**How to complete this task**. Quote each line of the material verbatim, without the pictures.

**Given information**.
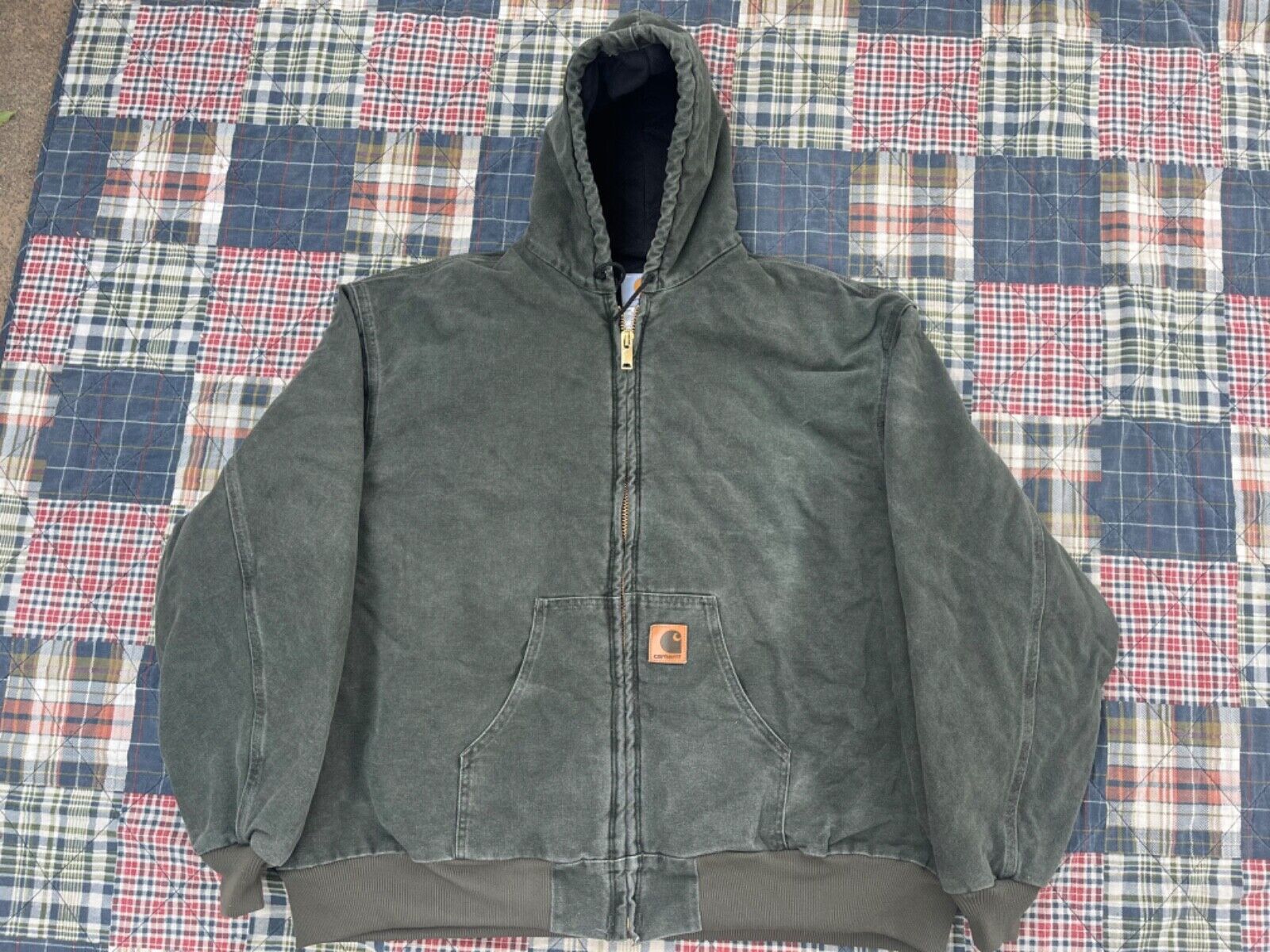 Vintage 90s Carhartt J68 MOS Moss Green Canvas Hooded Work Vintage 90s Carhartt J68 MOS Moss Green Canvas Hooded Work
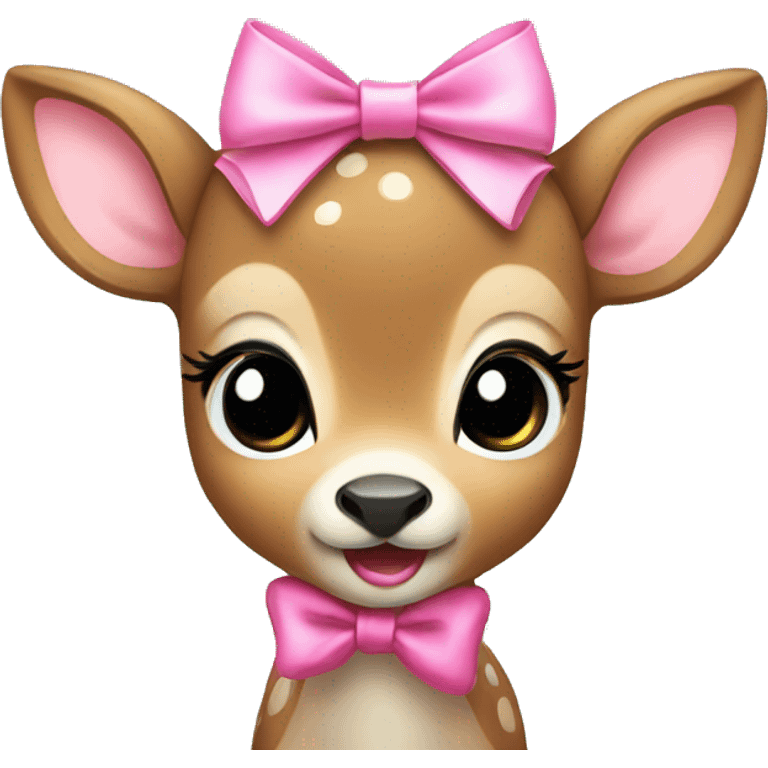 Baby deer with a pink bow  emoji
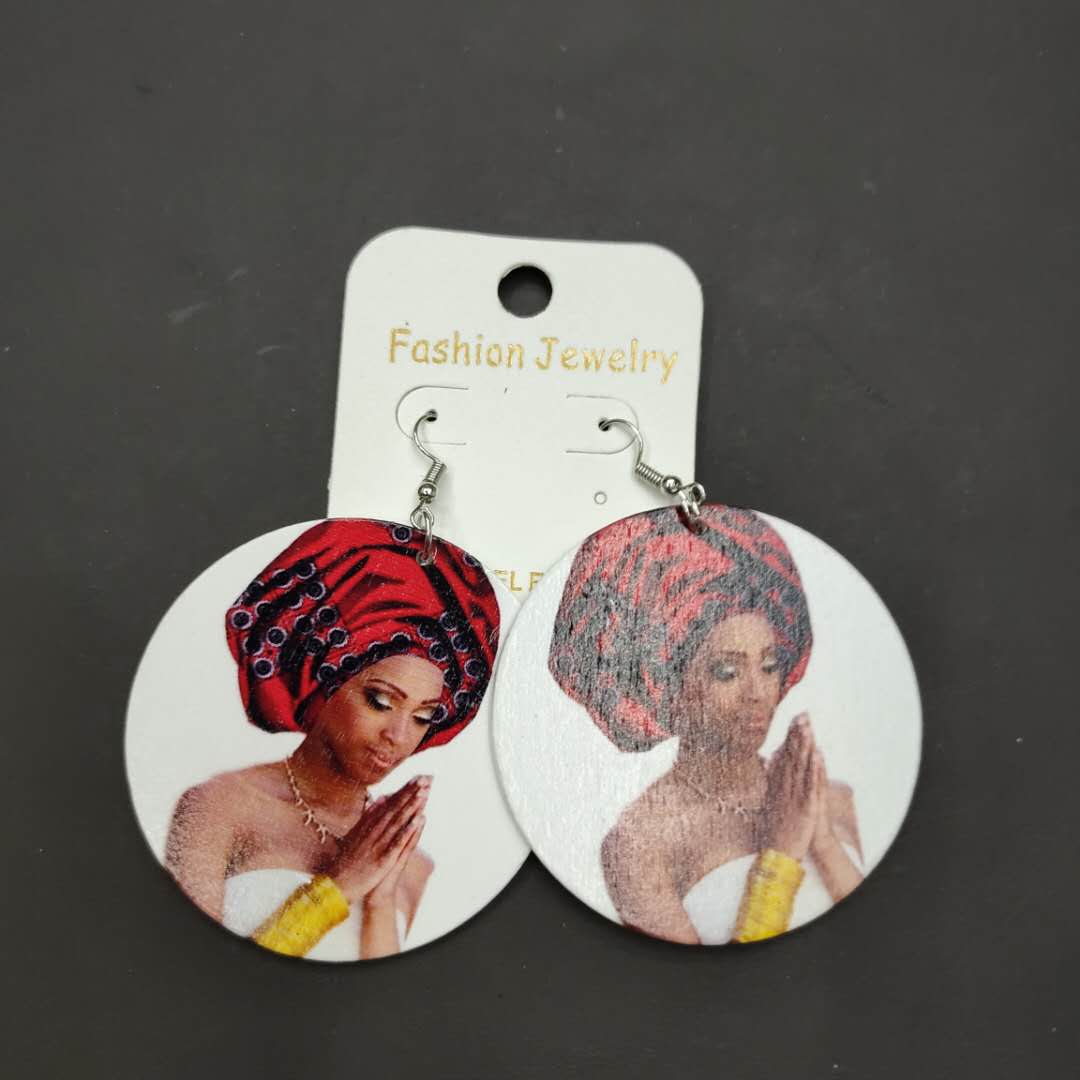 非洲夸张时尚白色圆盘非洲女士图案坠子木质气质耳饰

**Reply to the exercise**.
 Vintage 90s Carhartt J68 MOS Moss Green Canvas Hooded Work Vintage 90s Carhartt J68 MOS Moss Green Canvas Hooded Work
 Baby deer with a pink bow  emoji
 非洲夸张时尚白色圆盘非洲女士图案坠子木质气质耳饰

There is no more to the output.